Aired October 25, 2019 - 13:00   ET



UNIDENTIFIED MALE: After the choice lifted the great hymn (ph) of the church, it is well that next voice we shall hear is that of Congressman Elijah Cummings' pastor, Bishop Walter Scott Thomas Sr., the senior pastor of the New Psalmist Baptist Church and the presiding (INAUDIBLE) of the Kingdom Association of Covenant Pastors. I asked that as he that is he mounts (ph) the pulpit desk, we might stand in honor and reverence to the office he holds as bishop in the church of the Lord Jesus Christ.

BRIANNA KEILAR, CNN HOST: All right. We are watching the celebration of Elijah Cummings, and we just heard from former President Barack Obama eulogizing him, following former President Bill Clinton eulogizing Elijah Cummings, and really just some amazing words that we have heard about a tremendous statesman in Congress.

We heard from President Obama saying -- he was telling a story about Elijah Cummings' father who was a sharecropper, and he said that this was a story Cummings had told him. He said that they would go to the airport not to board planes but to watch others do it. Robert would say, I have not flied, I may not fly, but you will fly one day. We can't afford it right now, but you will fly.

I want to bring in Abby Phillip to talk about what we've been watching here in Elijah Cummings' hometown of Baltimore.

It been has amazing what we've seen today and what we've been seeing over the last days of friends of Elijah Cummings, some who you might be surprised to even learn that he was friends with them, right, some stalwart Republicans, for instance, who have had amazing things to say about Elijah Cummings.

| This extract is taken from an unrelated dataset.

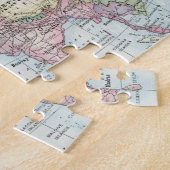 Politieke kaart van Azië (1916) Legpuzzel (Zijkant)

ABBY PHILLIP, CNN POLITICAL CORRESPONDENT: And the statesmanship that he represents that seems to be on the sort of downward slope here. It seems like he got a fewer and fewer of these types of people here in Washington.

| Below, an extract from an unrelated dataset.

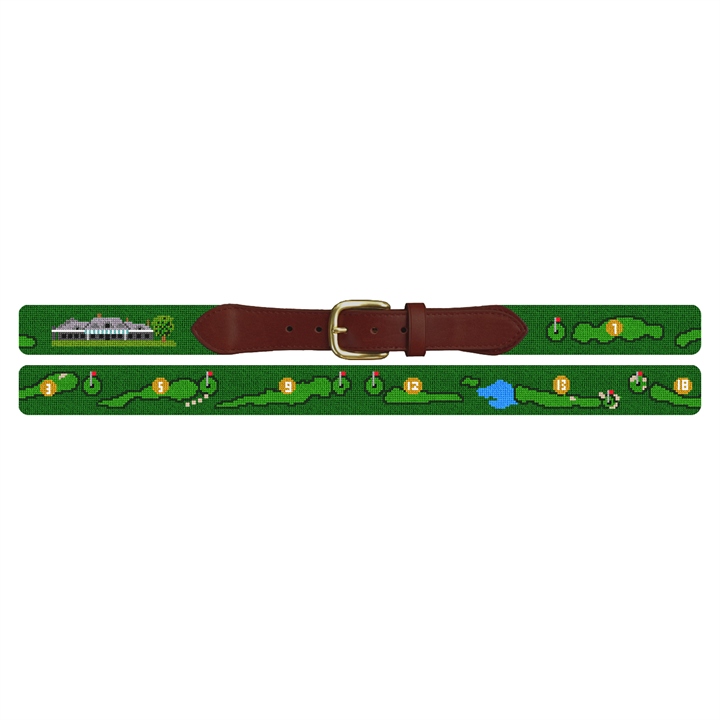 Misquamicut Golf Course Needlepoint Belt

And the sense that you get from this memorial service today and some of the other recent memorial services that we've witnessed in the last several years is the feeling of profound contrast. That's very hard to ignore. You heard that a lot in President Obama's speech today. He talked about how Elijah Cummings was honorable before he had that title. And that is something that we should remember. You don't just become honorable because someone gives you a position of political power but because you act that way.

And I think that's what he represented to people on both sides of the aisle. You heard his friend, Mark Meadows, eulogizing him as well and you're hearing the same things from Republicans or from Democrats. People respected the strength of his conviction but also noted that he was not a disagreeable person. He might have disagreed on politics with a lot of people, but he was able to maintain the integrity of his character.

And when people talk about that, when it comes to Elijah Cummings, they're not speaking in a vacuum. They're talking to what seems to be a decline of that sense in this moment, and I think it's important to recognize that.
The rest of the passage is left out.